Luca n’est pas un grand Pixar comme Soul l’a été il y a quelques mois, mais reste un divertissement familial de très haut niveau, qui passe quelques messages importants par rapport aux tendances réactionnaires qui gagnent du terrain sur la planète.
On se doutait bien qu’après une œuvre aussi ambitieuse que Soul, les Studios Pixar allaient nous proposer un film beaucoup plus « facile », plus « grand public, et l’on n’est donc pas surpris par le démarrage de Luca, la nouvelle production des studios, une fois encore diffusé sur la plateforme Disney+ et donc privé d’une sortie en salles. Ce qui s’explique déjà beaucoup moins bien que dans le cas de Soul, les salles de cinéma étant largement réouvertes, nous semble-t-il, à travers le monde… à moins qu’il ne s’agisse, ce qui n’aurait rien d’étonnant, d’une tentative de la maison Disney pour recruter plus d’abonnés sur sa plateforme.

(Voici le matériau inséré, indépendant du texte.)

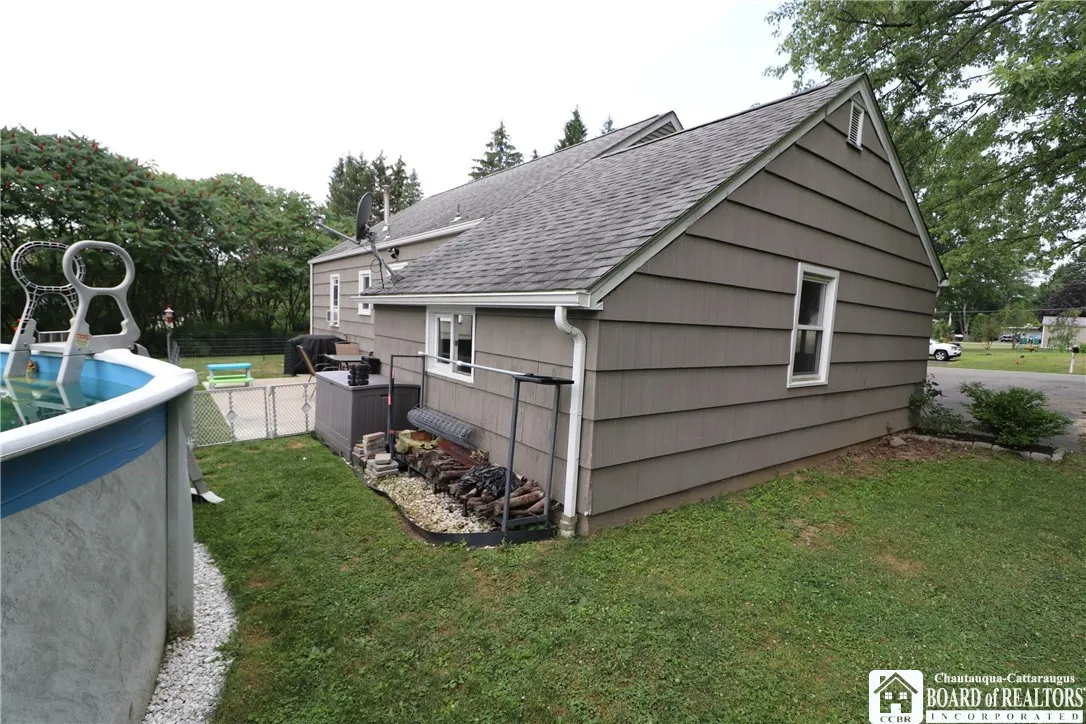 6554 Sherwood Lane, Boston, New York 14025, Boston, New York 14025, 3 Bedrooms Bedrooms, 6 Rooms Rooms,1 BathroomBathrooms,Residential,For Sale,6554 Sherwood Lane, Boston, New York 14025,R1622498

On adhère immédiatement au dessin rond et sympathique et au remarquable travail visuel – une constante chez Pixar, mais c’est agréable de le constater de nouveau à chaque film -, enrichi par des couleurs méditerranéennes rayonnantes, puisque Luca se déroule sur la sublime côte de la Ligurie, au Nord de l’Italie, et que son village pittoresque est clairement inspiré des Cinque Terre. On sera plus réticent par contre devant l’histoire de ce gentil monstre marin attiré par l’appel de l’aventure malgré les craintes de ses parents, et séduit par tout ce qui vient de la « surface », ou plutôt du monde des « monstres terrestres » : on attendait à la limite une fable miyazakienne dans l’esprit de Ponyo sur la Falaise, et on se retrouve avec des poncifs déjà bien visités par Disney ou Pixar via la Petite Sirène et le Monde de Nemo…
Heureusement, dès que le sérieux Luca rencontre le délirant Alberto, et que les deux enfants s’installent sur la terre ferme et se mettent en quête de leur rêve absolu, posséder un Vespa, qui est le symbole de leur désir d’évasion et de liberté, le film trouve son rythme, et nous emporte avec lui. On objectera sans doute que Luca ne vole pas très haut par rapport à ce que Pixar sait normalement nous proposer, et il est vrai que le seul vrai « concept » déroulé dans le film est l’alternance mouillé-monstre humain et sec-humain, qui fait que nos héros accueillis dans un village de pêcheurs proches courent toujours le risque d’être découverts à la moindre goutte d’eau les aspergeant ! Tout cela n’est pas faux, mais Luca est vif, enlevé, très amusant, et on le répète, visuellement superbe, une sorte de spectacle familial parfait comme la maison Disney a toujours du mal à en proposer, et dont les Studios Pixar semblent avoir une réserve illimitée.
Sans doute faut-il aussi remarquer que le fait de confier la réalisation à Enrico Casarosa, originaire lui-même de Ligurie (il a auparavant travaillé sur des réussites comme Les Indestructibles 2 et Là-Haut…) assure une certaine crédibilité à Luca. Le regarder en Version Italienne serait sans doute la meilleure idée pour que la brise méditerranéenne souffle vraiment dans notre salon, mais on sera reconnaissant à Pixar de continuer à se soucier des cultures des pays autres que les USA (après la France de Ratatouille et la Mexique de Coco), à la différence de la maison mère qui « globalise » sans vergogne, comme on l’avait vu avec la catastrophe de la version filmée de Mulan.
Après une joyeuse compétition de triathlon (nage, dégustation de pâtes et course cycliste !), tout finira comme souvent chez Pixar dans de superbes moments d’émotion, et avec une sorte de démonstration, que l’on imagine destinée à la partie trumpienne des USA (mais ça marche aussi pour les supporters du Brexit outre-Manche et la franche de droite de notre population française…), que l’humanité n’est jamais aussi belle que quand elle accepte de ne pas voir les différences, et de regarder plutôt ce qui nous rapproche et nous réunit : monstres marins et monstres terrestres, la même humanité. Si l’on ajoute le clin d’œil du coming out du couple de vieilles femmes vivant « dissimulées » dans le village, et que l’on visualise clairement comme un couple de lesbiennes au sein d’une communauté traditionnellement peu ouverte à ce genre de choses, et la conclusion qui prône l’éducation comme la seule manière de connaître la vraie liberté (sans oublier le rappel que notre planète n’est qu’un atome au sein d’un univers qui ne tourne pas autour de la race humaine !), voici un film qui dit des choses importantes pour notre époque, derrière les rires et les larmes qu’il tirera de toute la famille.